Covariance/variance: PSD guarantees nonnegative variances; PCA/SVD rely on PSD covariance.
Kernels/GPs/SVMs: PSD kernels ensure valid feature maps and convex objectives.
Optimization: Hessian PSD/PD gives convexity; PD enables Newton/Cholesky steps.
Metrics/whitening: SPD metrics shape distance (Mahalanobis), whitening for decorrelation.
Uncertainty: GP posterior covariance must remain PSD for meaningful variances.

Algorithmic development (milestones)#

1900s: Mercer’s theorem (kernel PSD) and early quadratic form characterizations.
1918: Schur complement criteria.
1910–1940s: Cholesky factorization for SPD solves.
1950s–2000s: Convex optimization and interior-point methods rely on PSD cones.
1990s–2000s: SVMs/GPs bring PSD kernels mainstream in ML.

Definitions#

PSD: $A\succeq 0$ if $A=A^\top$ and $x^\top A x\ge 0$ for all $x$; PD: $x^\top A x>0$ for all $x\neq 0$.
Eigenvalue test: PSD/PD iff eigenvalues nonnegative/positive.
Principal minors: PD iff all leading principal minors are positive (Sylvester).
Gram matrix: $G=XX^\top$ is PSD; kernel matrix $K_{ij}=k(x_i,x_j)$ is PSD if $k$ is a valid kernel.
Cholesky: $A=LL^\top$ for SPD $A$ with $L$ lower-triangular and positive diagonal.

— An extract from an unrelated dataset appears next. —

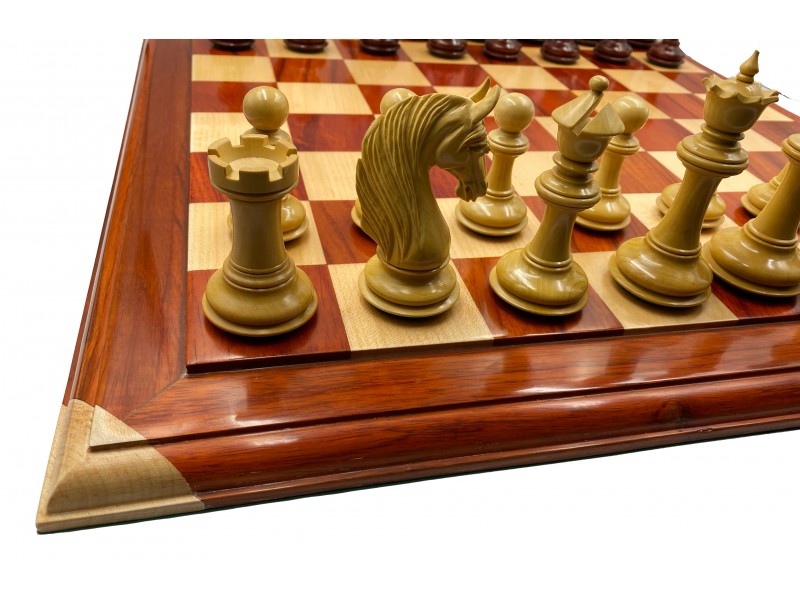 Alverno  11.6 εκ.με διπλό βάρος μαζί με σκακιέρα ξύλινη Royal Salon (glossy)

Essential vs Optional: Theoretical ML

Theoretical (essential)#

PSD/PD definitions via quadratic form and eigenvalues.
Sylvester’s criterion (leading principal minors > 0 for PD).
Schur complement PSD condition.
Mercer’s theorem (kernel PSD).
Cholesky existence for SPD.

Applied (landmark systems)#

SVM with PSD kernels (Cortes–Vapnik 1995).
Gaussian Processes (Rasmussen–Williams 2006) using PSD kernels and Cholesky.
Kernel Ridge Regression (Murphy 2022) solved via SPD systems.
Whitening and Mahalanobis metrics in anomaly detection (De Maesschalck 2000).
GP uncertainty calibration and jitter practice (Seeger 2004).

Key ideas: Where it shows up

Covariance and PCA

$\Sigma=\tfrac{1}{n}X_c^\top X_c \succeq 0$; eigenvalues are variances. PCA uses PSD structure. References: Jolliffe 2002; Shlens 2014.

Kernels and SVMs/GPs

RBF/linear/polynomial kernels yield PSD $K$; SVM dual and GP posteriors rely on PSD/PD for convexity and validity. References: Cortes–Vapnik 1995; Schölkopf–Smola 2002; Rasmussen–Williams 2006.

Hessians and convexity

For twice-differentiable losses, PSD Hessian implies convex; PD gives strict convexity. References: Boyd–Vandenberghe 2004; Nocedal–Wright 2006.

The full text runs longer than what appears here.